Gastronomic Travel: Street Food in Turkey and Egypt

Posted on August 10, 2010 by

While I’m out and about exploring India, this week’s guest post features the nearby shores of Egypt and Turkey. The Egypt Holidays team at Travel Supermarket brings us on a culinary tour through the street food culture and vibrant market scene of these two destinations.

Although I’ve visited both countries on different occasions and scoured their food markets, I’m no expert at Turkish and Egyptian cuisine. So if you’re as much of a foodie as I am, read more to find out these destinations’ essential eats and local fare and you’ll find yourself digging deeper into their world.

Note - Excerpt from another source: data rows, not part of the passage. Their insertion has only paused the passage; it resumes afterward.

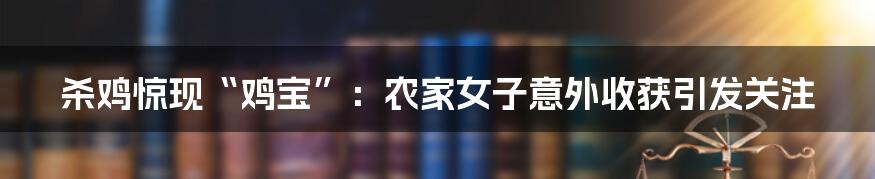 杀鸡惊现“鸡宝”：农家女子意外收获引发关注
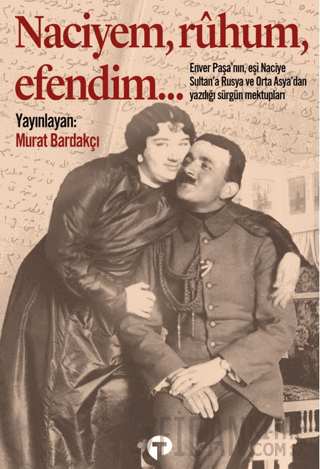 Naciyem, ruhum, efendim Murat Bardakçı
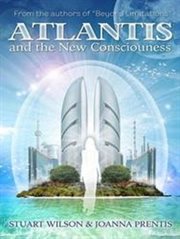 Atlantis and the New Consciousness cover image cdn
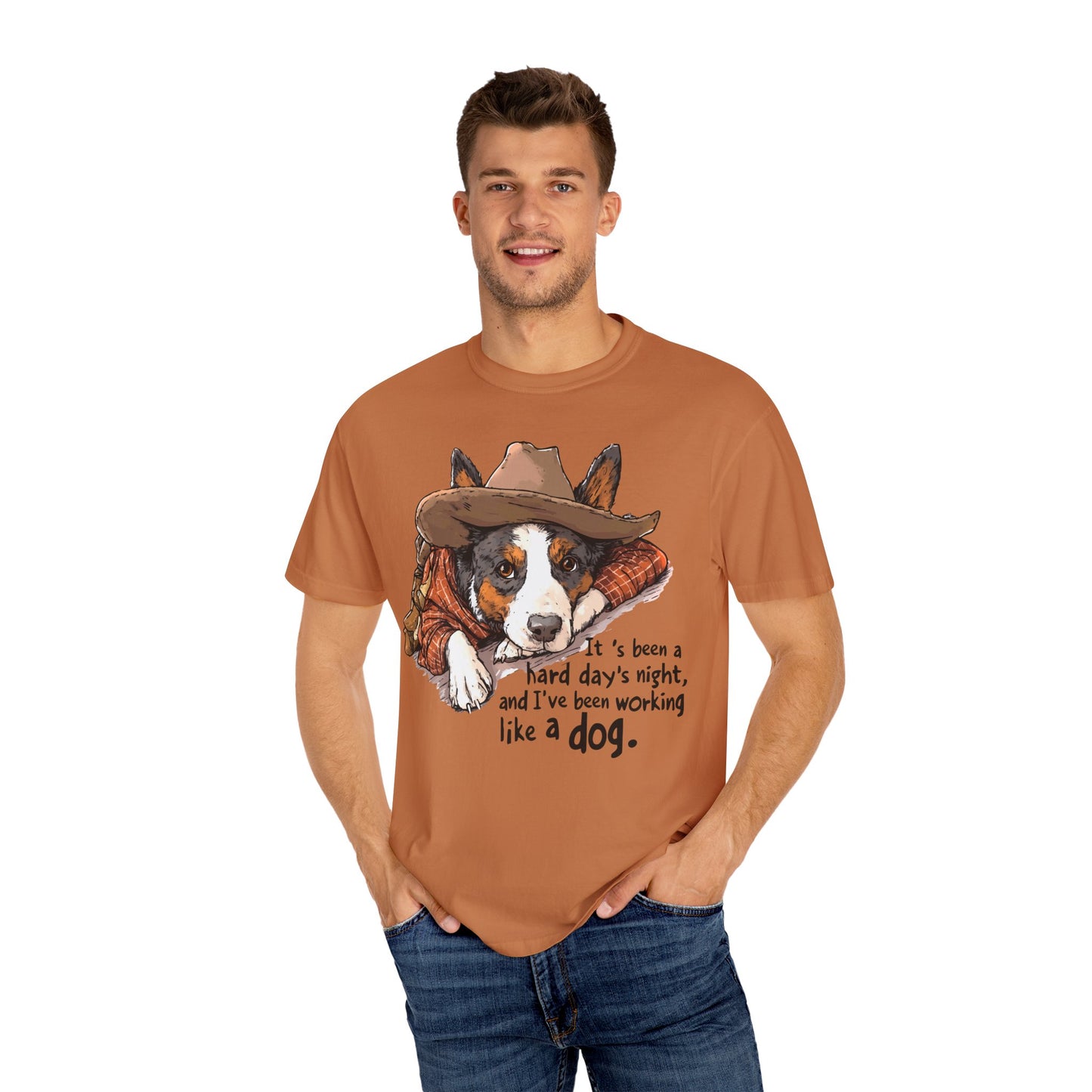 Garment-Dyed T-shirt Hard Days Night Cowdog Shirt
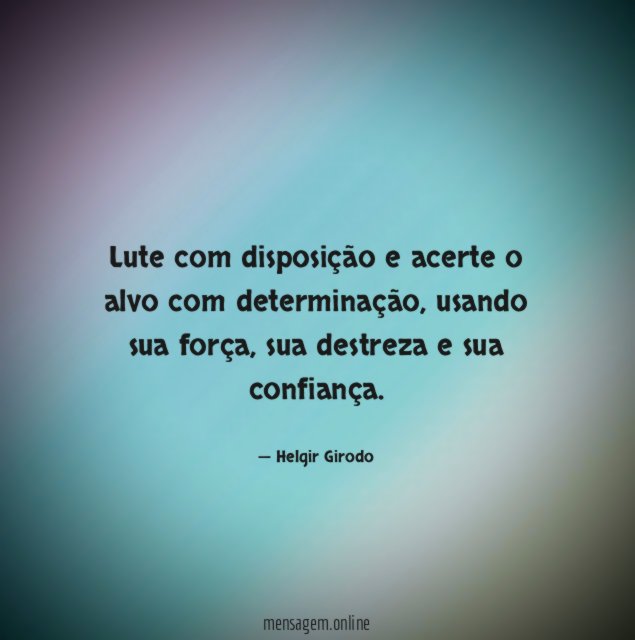 Lute com disposição e acerte o alvo com determinação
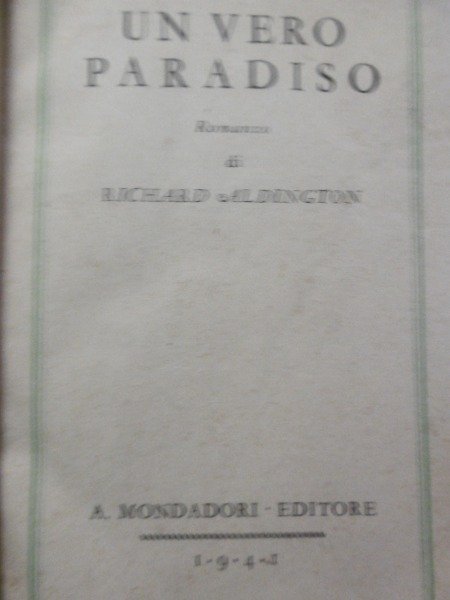 UN VERO PARADISO RICHARD ALDINGTON MONDADORI 1941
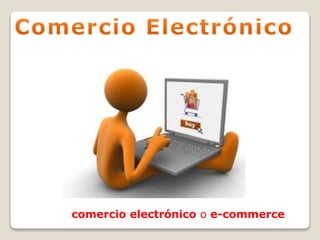comercio electrónico o e-commerce
 
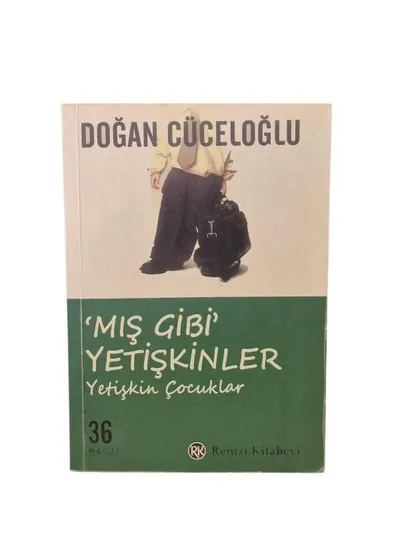 'Mış Gibi' Yetişkinler - Yetişkin Çocuklar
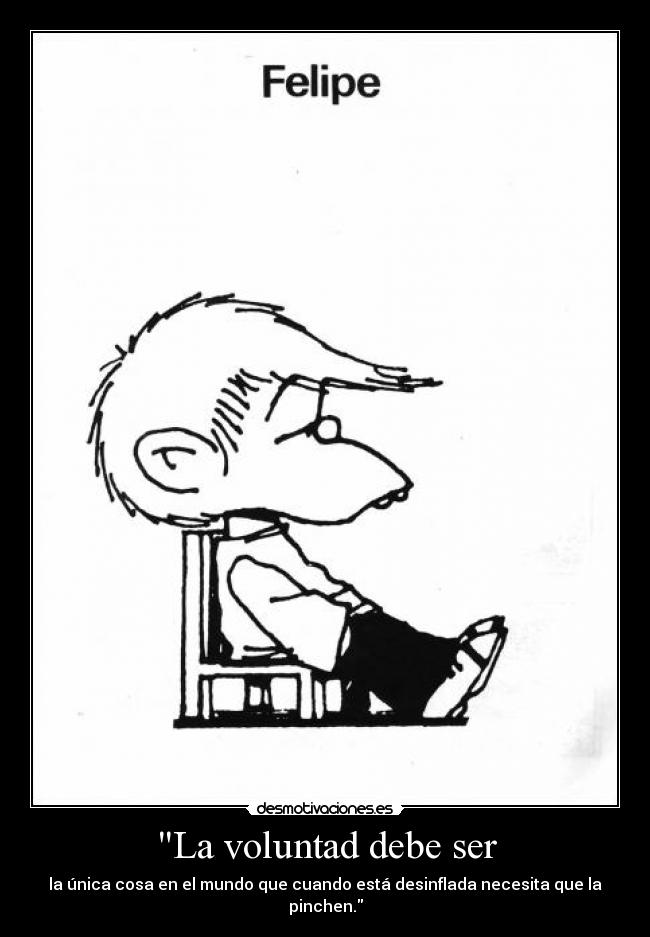 La voluntad debe ser -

Colorful spices in Istanbul's food market

Where to Find Authentic Food in Turkey and Egypt

Take a stroll through a bustling marketplace during your Egyptian or Turkish holiday and you’ll be met with the smell of aromatic spices and freshly grilled meats from stalls, as well as the sounds of street hawkers trying to persuade you to purchase a portion of their delicious delicacies.

Throughout Turkey and Egypt you’ll find street carts selling a variety of delicious tidbits that you can enjoy as you peruse for a bargain or take in the sights, sounds and smells of a marketplace. These small meals are very affordable, so won’t break into your budget too much while you’re on your travels, and can help to fill you up for a day’s exploration.

Street food stall

Quintessential Egyptian Dish: Fuul

Egyptian cuisine tends to include a lot of vegetables and pulses, including chickpeas, which form the basis for one of the national dishes. Fuul is a dish of fava beans that have been cooked, crushed and mixed with onion, garlic, parsley, lemon juice and lashings of olive oil. Often served as a breakfast dish with lots of bread as an accompaniment, it can be a great way of fuelling up for a day of exploring the Pyramids.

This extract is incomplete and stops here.